Tanah semacam ini, yang disebut dengan “harim”, tidak boleh dimiliki dengan ihyaul mawat. Hal itu karena, pemilik lahan lah yang memiliki hak guna terhadap harim (tanah penopang) tersebut, sehingga seakan seperti miliknya.
Dari ketentuan di atas, bisa diketahui, tanah yang pernah dimiliki atau dihidupkan oleh seseorang di masa Islam, kemudian pemiliknya meninggal dunia, tidak seorang pun boleh memilikinya dengan cara ihyaul mawat, dan tanah tersebut tidak bisa disebut dengan tanah mati.
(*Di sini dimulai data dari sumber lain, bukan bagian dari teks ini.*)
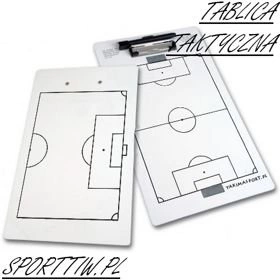 Tablica taktyczna- piłka nożna Yakima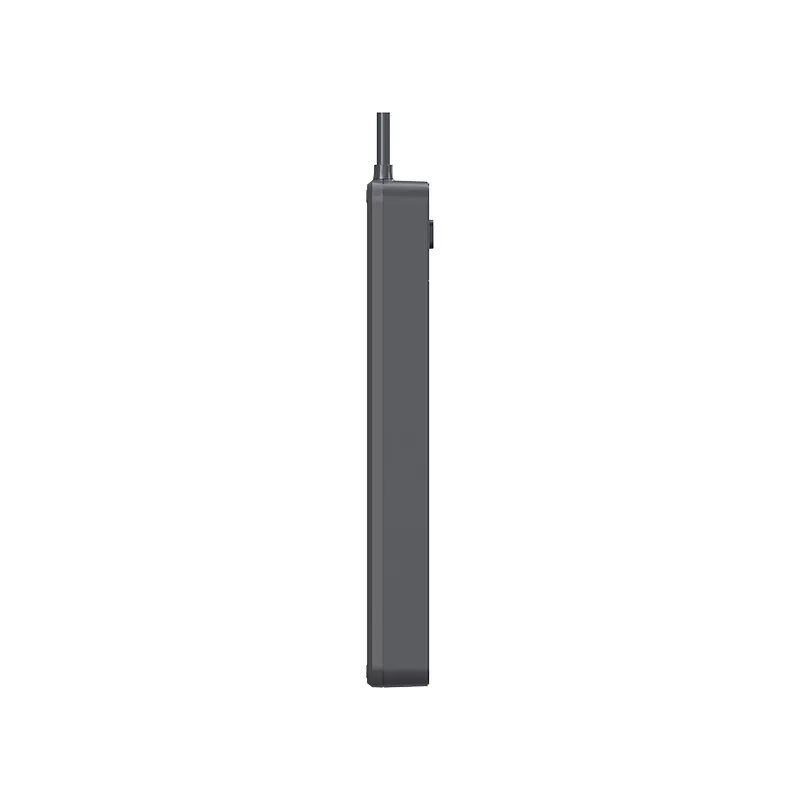 Tracer 47813 Super Line+ Graphite 1,5 m (5 stopcontacten)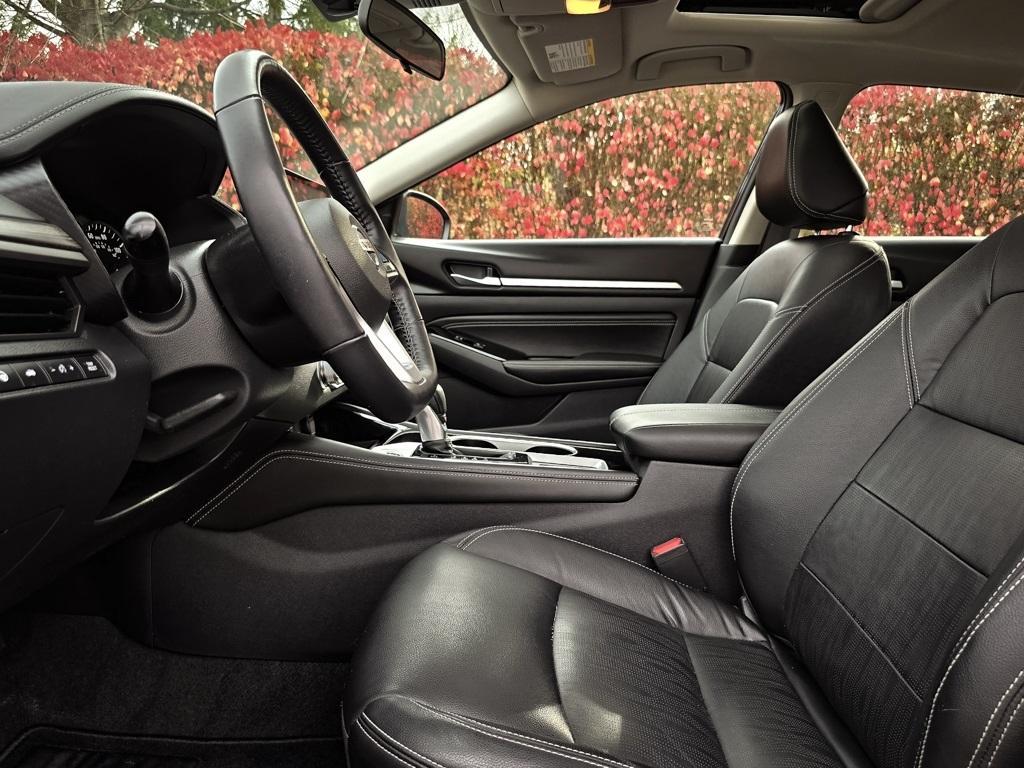used 2021 Nissan Altima car, priced at $19,146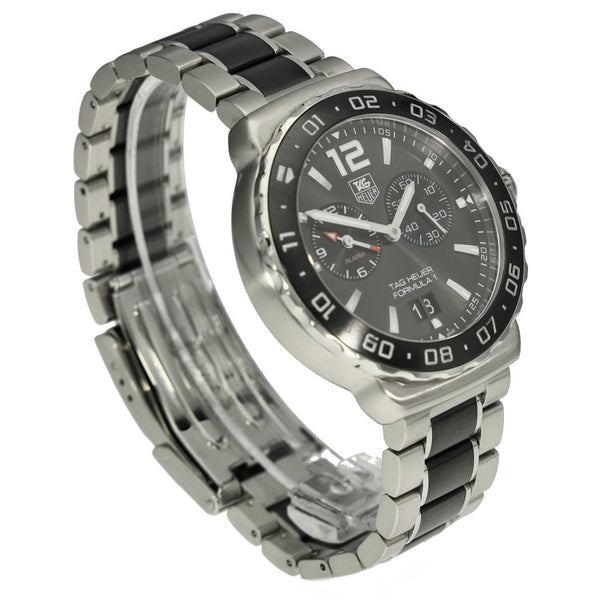 Formula 1 WAU111C - Gents Watch - Black Dial - 2015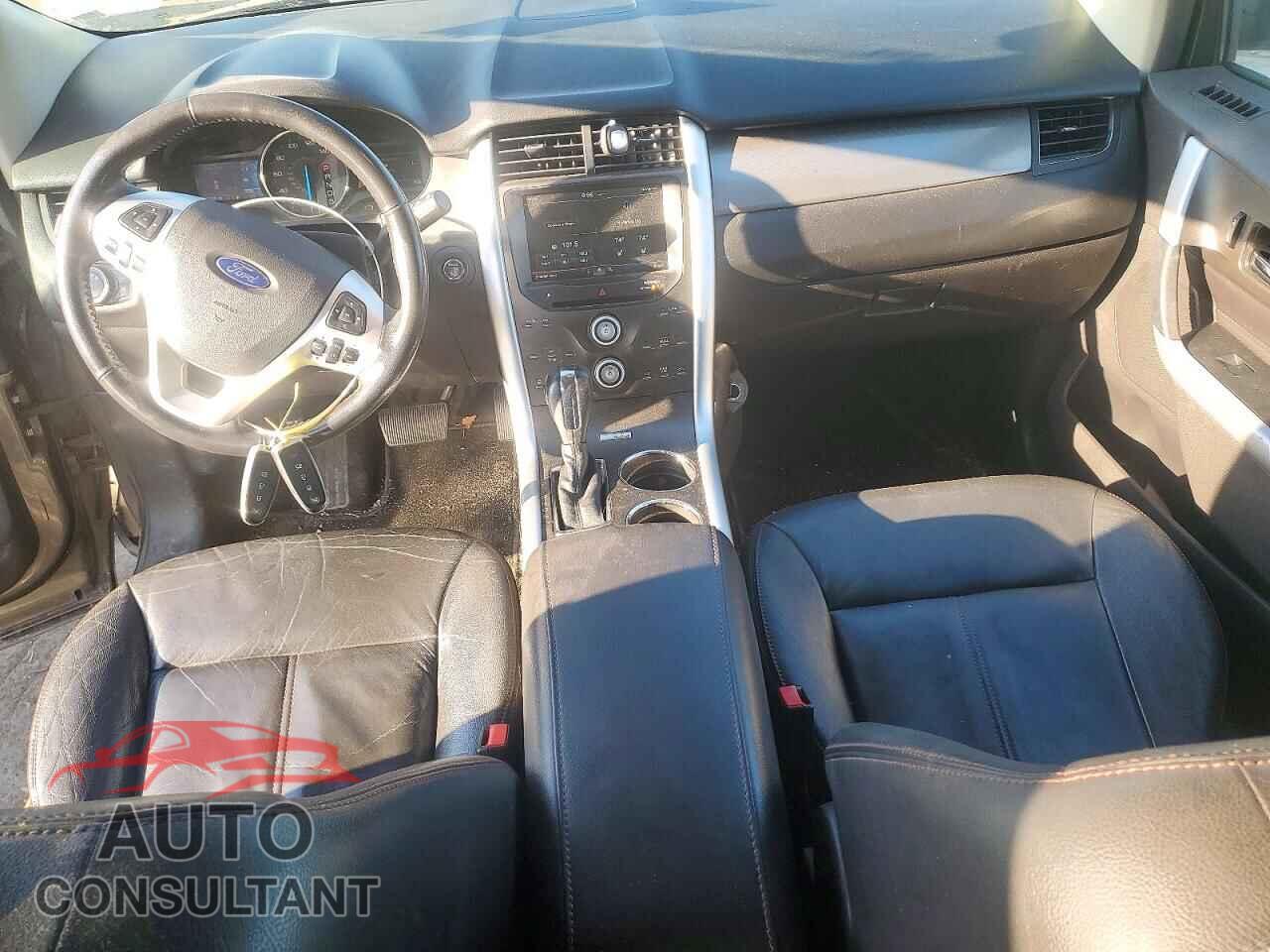 FORD EDGE 2013 - 2FMDK4JC7DBC18979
Jika ahli warisnya ada, maka tanah tersebut menjadi milik ahli waris. Jika tidak ditemukan atau tidak diketahui ahli warisnya, maka tanah itu dianggap sebagai harta yang hilang, dan wajib dijaga untuk dikembalikan ke pemiliknya nanti, jika masih ada harapan diketahui pemiliknya.
Jika tidak ada harapan, maka tanah itu diserahkan ke baitul mal, dan dimanfaatkan untuk kemaslahatan kaum muslimin.
Selain itu, jika tanah mati tersebut, ditahan oleh penguasa, maka tanah tersebut tidak bisa dimiliki dengan cara ihyaul mawat, kecuali mendapatkan izin dari penguasa.
Wallahu a’lam.
Rujukan: At-Taqrirat As-Sadidah, Qism Al-Buyu’ Wa Al-Faraidh, karya Syaikh Hasan bin Ahmad Al-Kaf, Halaman 151-153, Penerbit Dar Al-Mirats An-Nabawi, Hadramaut, Yaman.
Catatan: Takhrij Hadits berbeda dengan yang dimuat di kitab rujukan.